On le constate, le secteur forestier évolue dans un tout nouveau contexte. Désormais, nous parlons de bioproduits qui représentent en ce moment de nouvelles avenues, une transition vers ce que nous appelons la « bioéconomie ». Mentionnons les bioplastiques, bioraffineries, nanocristaux de cellulose qui sont quelques exemples de ce nouveau visage d’un secteur forestier en transformation et plus performant sur les marchés à forte concurrence.
La biomasse (qui provient des arbres et de résidus organiques) est aussi un axe de développement en pleins essors. Qu’il s’agisse d’additifs alimentaires, textiles, matériaux de construction, biocarburant pour les véhicules ou granules énergétiques.

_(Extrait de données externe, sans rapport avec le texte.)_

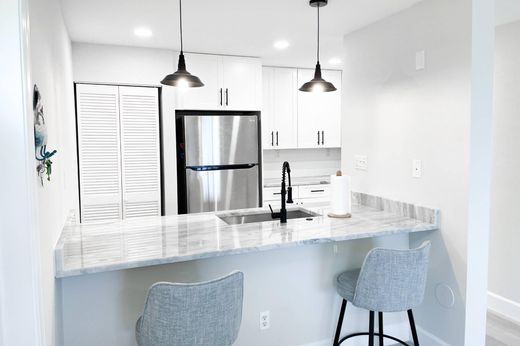 Жилой комплекс, Hutchinson Island South, Saint Lucie County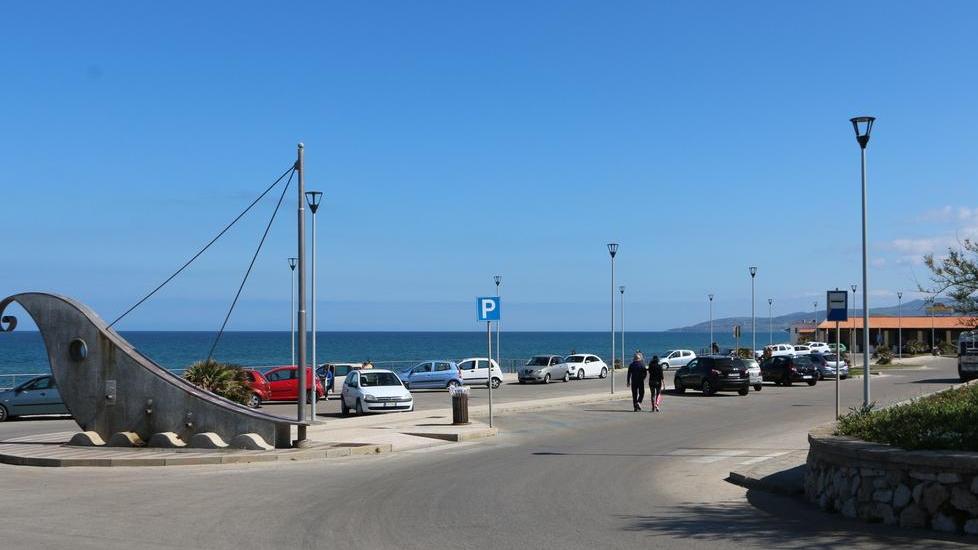 Lampioni stradali a led sulla Marina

La pérennité de ces produits en plein déploiement ne pourra prendre effet que par un aménagement forestier adapté à la réalité des changements climatiques. Par ce phénomène que personne ne peut remettre en question ou en diminuer l’importance, notre forêt se transformera (elle se transforme déjà). De nouvelles essences apparaitront et la biodiversité s’adaptera. Notre forêt, je le répète, grâce à un aménagement forestier tenant compte de cette transformation, sera alors une alliée de premier plan pour combattre les GES par sa séquestration.
Un secteur économique d’avenir
Les derniers débats concernant le secteur forestier en ont été de confrontation et excessivement émotifs. Il ne s’agit certes pas d’un environnement favorable pour une concertation et un dialogue fécond. Les entreprises forestières présentes dans l’ensemble du territoire québécois ont façonné le tissu économique de nombreuses régions, la survivance de communautés et facilité le développement d’autres secteurs d’activités.
Force est d’admettre que nous ne soupçonnons pas à quel point le secteur forestier québécois est déjà dans une phase de grande modernité et que nous en avons besoin si nous souhaitons maintenir nos acquis.